Source: http://iplegalcorner.com/historical-snapshots-from-the-wayback-machine/
Timestamp: 2019-04-20 05:01:49+00:00

Document:
In the curious case of Eneco BV v. Eneco, D2010-0548 (WIPO July 7, 2010) – curious because the Panel made the Respondent’s case despite its default – a search of <eneco.com> on the Internet Archive’s Wayback Machine at “www.archive.org” provided evidence of good faith registration and use years prior to the Complainant’s trademark. Moreover, “[s]ome webpages disclosed the United States Trademark Registration identifier comprised of the letter ‘R’ in a circle.” The Panel also searched and found ENECO on the USPTO database disclosing Respondent as the registered owner of a registered trademark. A review of recent cases shows that in a good many of them Panels accepted the truth of the historical snapshots. Respondents are expected to do more than deny the evidence.
The “archives” referred to in Facebook, Inc. v. Amjad Abbas, DME2010-0005 (WIPO July 13, 2010) (Note August 10) would be from the Wayback Machine. The Wayback Machine is a database of website snapshots that Internet Archive (“IA”) has been collecting from 1999. IA’s mission is nicely explained in The iFranchise Group v. Jay Bean / MDNH, Inc. / Moniker Privacy Services , D2007-1438 (WIPO December 18, 2007). It collects web pages and “[l[ike a paper library … provide[s] free access to researchers, historians, scholars, and the general public.” With Wayback Machine anyone can have literally a window on the past use of the domain name, although “Alexa respects robots.txt instructions [not to crawl a particular site], and even does so retroactively” thereby preventing the researcher from discovering targeted pages. The iFrancise Panel interpreted blocking as an attempt to conceal infringement, although is it not per se illegitimate as explained by the Respondent in Rba Edipresse, S.L. v. Brendhan Hight / MDNH Inc., D2009-1580 (WIPO March 2, 2010). Blocking after receipt of a cease-and-desist notice is different from a registrant’s policy of instructing Alexa not to crawl its websites.
It is clear that UDRP Panels are comfortable with accepting evidence from the Wayback Machine as persuasive in the absence of any counter evidence. They give historical snapshots great weight in determining both rights and legitimate interests in the disputed domain name as well as respondent’s good and bad faith in registering and using it. In response to the Complainant’s screen shot evidence in Facebook the Respondent “authorize[d] the panel to request archives of the page” but failed to offer any concrete refuation beyond denial of authenticity.

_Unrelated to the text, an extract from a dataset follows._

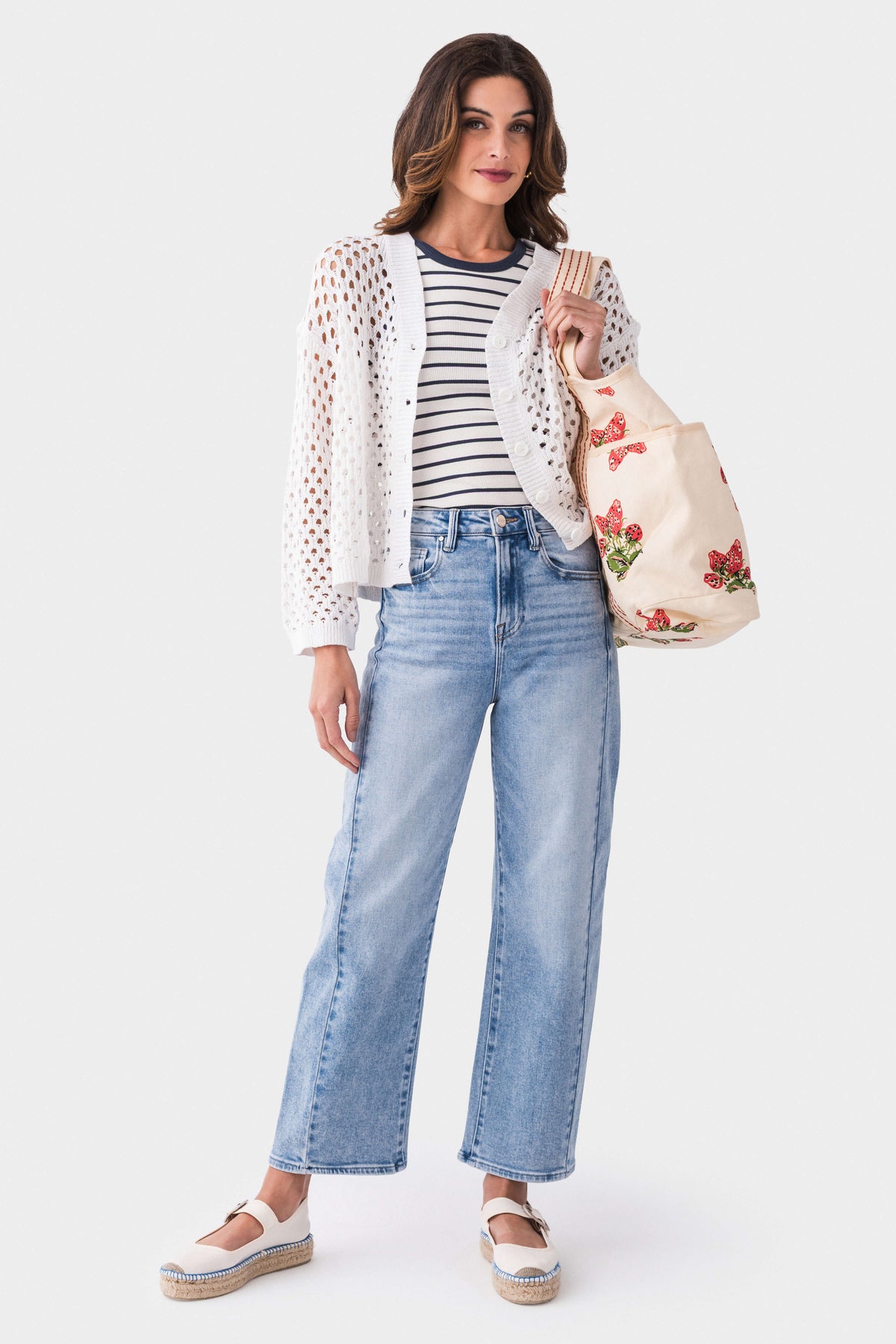 High-rise barrel jeans in light blue wash with front seam and relaxed barrel fit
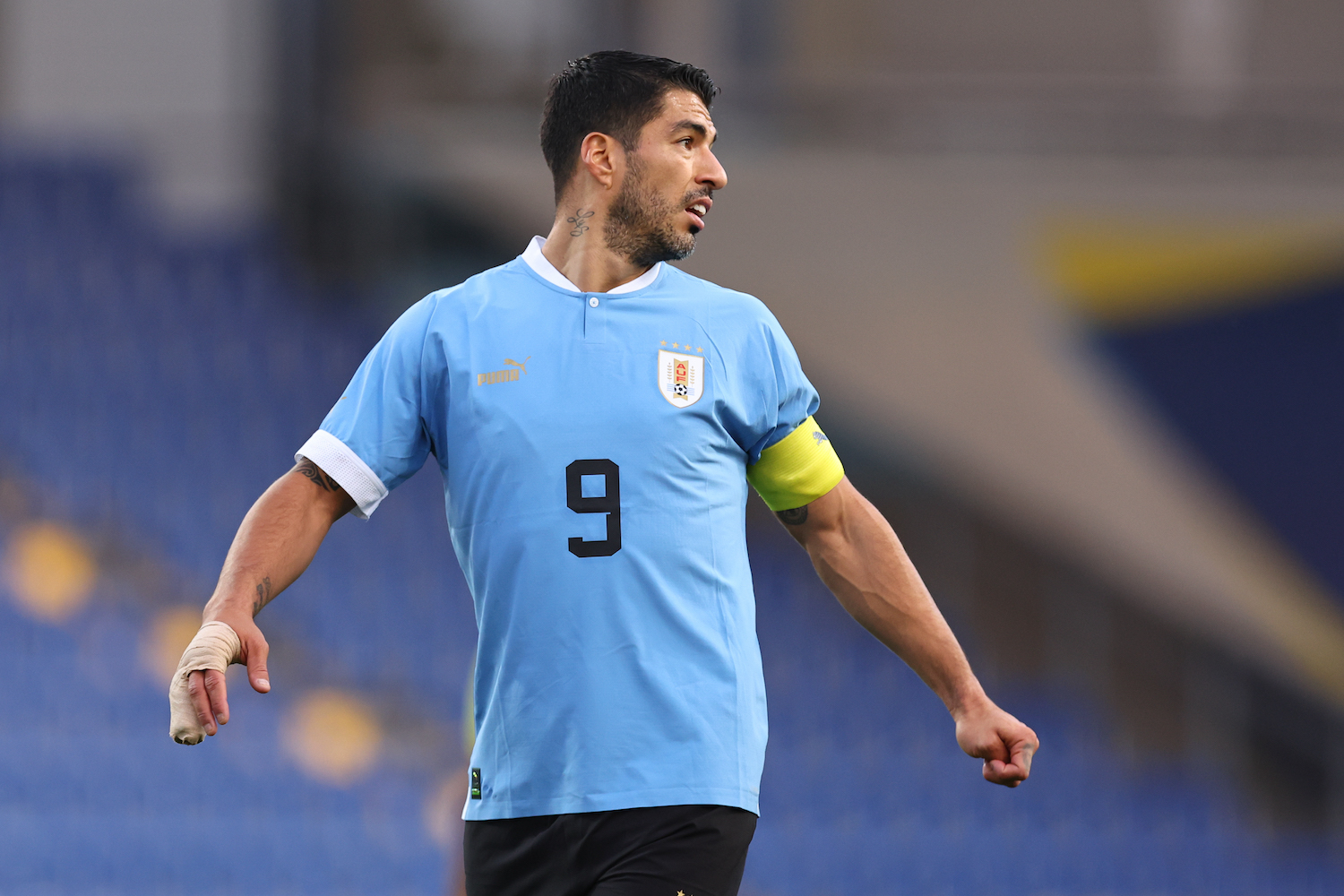 a soccer player in a blue jersey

On the other hand, historical snapshots from the Wayback Machine have received a mixed view from U.S. courts. Although a federal magistrate has ruled IA snapshots admissible as “an admission of a party-opponent and are not barred by the hearsay rule,” Telewizja Polska USA, Inc. V. Echostar Satellite Corp., No. 02 C 3293, 2004 WL 2367740, at *5 (N.D. Ill. October 15, 2004) and there is support from the Second Circuit in Louis Vuitton Malletier v. Burlington Coat Factory Warehouse Corp., 426 F.3d 532, 535 (2d Cir. 2005) (evidence of defendant’s Website advertisements presented through archive.org capture of the site content at particular time), the trend nevertheless appears to exclude such Wayback Machine evidence as hearsay.
2007 was a particularly fruitful year on this issue. For example, in a patent case, Chamilia, LLC v. Pandora Jewelry, LLC., 04-cv-6017 (S.D.N.Y. 9-24-2007) the plaintiff alleged that Pandora failed to submit its patent application to the PTO for more than a year after marketing its product. It offered a series of archived web pages from the Wayback Machine which Pandora moved to strike. The Court held that this “putative evidence suffers from fatal problems of authentication under Fed.R.Evid. 901.” In Novak v. Tucows, Inc., No. 06-CV-1909, 2007 WL 922306, at *5 (E.D.N.Y. March 26, 2007) the Court struck Wayback Machine evidence for lack of authentication of internet printouts “combined with the lack of any assertion that such printouts fall under a viable exception to the hearsay rule.” Wayback Machine evidence was also excluded in a TTAB case, Paris Glove of Canada, Ltd. v. SBC/Sporto Corp., 84 USPQ2d 1856 (TTAB 2007).